■ **What you will do**
Repeat verbatim every line of the material, beginning at the line that holds "V-Neck T-Shirt Kawaii" and ending at its last line.

### Extracted material

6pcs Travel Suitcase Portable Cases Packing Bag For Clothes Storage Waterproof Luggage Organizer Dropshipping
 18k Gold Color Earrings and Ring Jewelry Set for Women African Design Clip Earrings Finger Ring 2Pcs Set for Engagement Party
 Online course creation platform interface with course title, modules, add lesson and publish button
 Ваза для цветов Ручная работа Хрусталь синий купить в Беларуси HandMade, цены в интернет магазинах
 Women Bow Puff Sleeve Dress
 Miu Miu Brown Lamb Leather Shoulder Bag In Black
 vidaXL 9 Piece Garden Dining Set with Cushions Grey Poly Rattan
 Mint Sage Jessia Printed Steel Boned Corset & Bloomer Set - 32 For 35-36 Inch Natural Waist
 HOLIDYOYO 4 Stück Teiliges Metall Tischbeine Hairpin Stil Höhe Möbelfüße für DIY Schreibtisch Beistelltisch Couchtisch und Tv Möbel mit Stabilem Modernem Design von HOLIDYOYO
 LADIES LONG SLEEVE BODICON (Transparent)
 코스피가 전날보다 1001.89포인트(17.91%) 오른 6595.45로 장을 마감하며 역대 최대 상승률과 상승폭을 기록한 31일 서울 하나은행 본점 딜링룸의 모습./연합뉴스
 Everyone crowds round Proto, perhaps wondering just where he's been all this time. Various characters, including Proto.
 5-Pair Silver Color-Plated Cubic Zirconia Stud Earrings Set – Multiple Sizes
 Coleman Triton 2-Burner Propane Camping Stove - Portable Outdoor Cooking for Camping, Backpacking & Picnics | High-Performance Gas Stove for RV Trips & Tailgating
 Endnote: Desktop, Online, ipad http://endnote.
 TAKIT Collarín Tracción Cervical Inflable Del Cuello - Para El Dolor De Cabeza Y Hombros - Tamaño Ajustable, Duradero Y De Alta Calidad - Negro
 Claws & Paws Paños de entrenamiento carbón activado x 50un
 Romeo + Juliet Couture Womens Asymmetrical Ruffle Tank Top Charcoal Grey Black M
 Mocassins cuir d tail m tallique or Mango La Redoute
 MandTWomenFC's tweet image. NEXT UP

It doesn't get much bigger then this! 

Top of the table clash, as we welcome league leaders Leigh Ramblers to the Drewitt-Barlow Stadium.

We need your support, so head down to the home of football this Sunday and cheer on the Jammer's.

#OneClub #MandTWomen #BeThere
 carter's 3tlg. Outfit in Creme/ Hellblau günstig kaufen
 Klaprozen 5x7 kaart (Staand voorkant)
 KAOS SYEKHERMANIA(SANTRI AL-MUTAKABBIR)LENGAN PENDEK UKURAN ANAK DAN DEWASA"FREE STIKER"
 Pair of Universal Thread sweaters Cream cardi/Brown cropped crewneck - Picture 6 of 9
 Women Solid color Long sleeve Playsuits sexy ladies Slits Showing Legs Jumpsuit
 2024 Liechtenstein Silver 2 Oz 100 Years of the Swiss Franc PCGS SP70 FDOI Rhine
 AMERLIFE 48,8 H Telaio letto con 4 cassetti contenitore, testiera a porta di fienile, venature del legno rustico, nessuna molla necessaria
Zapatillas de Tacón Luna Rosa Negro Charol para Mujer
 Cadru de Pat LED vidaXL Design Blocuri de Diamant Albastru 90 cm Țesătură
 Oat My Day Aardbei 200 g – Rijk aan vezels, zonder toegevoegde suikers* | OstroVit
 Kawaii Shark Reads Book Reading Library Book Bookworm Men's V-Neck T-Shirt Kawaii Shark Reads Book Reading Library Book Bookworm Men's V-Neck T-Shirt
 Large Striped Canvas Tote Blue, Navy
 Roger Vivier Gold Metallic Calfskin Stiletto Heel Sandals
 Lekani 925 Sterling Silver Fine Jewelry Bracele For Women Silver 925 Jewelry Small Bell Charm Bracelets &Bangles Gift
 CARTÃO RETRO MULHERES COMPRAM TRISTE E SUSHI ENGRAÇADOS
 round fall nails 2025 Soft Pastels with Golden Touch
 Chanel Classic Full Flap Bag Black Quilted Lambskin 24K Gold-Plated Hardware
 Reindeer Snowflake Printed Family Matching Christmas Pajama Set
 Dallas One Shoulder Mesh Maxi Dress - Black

######

■ **Task answer**
 Kawaii Shark Reads Book Reading Library Book Bookworm Men's V-Neck T-Shirt Kawaii Shark Reads Book Reading Library Book Bookworm Men's V-Neck T-Shirt
 Large Striped Canvas Tote Blue, Navy
 Roger Vivier Gold Metallic Calfskin Stiletto Heel Sandals
 Lekani 925 Sterling Silver Fine Jewelry Bracele For Women Silver 925 Jewelry Small Bell Charm Bracelets &Bangles Gift
 CARTÃO RETRO MULHERES COMPRAM TRISTE E SUSHI ENGRAÇADOS
 round fall nails 2025 Soft Pastels with Golden Touch
 Chanel Classic Full Flap Bag Black Quilted Lambskin 24K Gold-Plated Hardware
 Reindeer Snowflake Printed Family Matching Christmas Pajama Set
 Dallas One Shoulder Mesh Maxi Dress - Black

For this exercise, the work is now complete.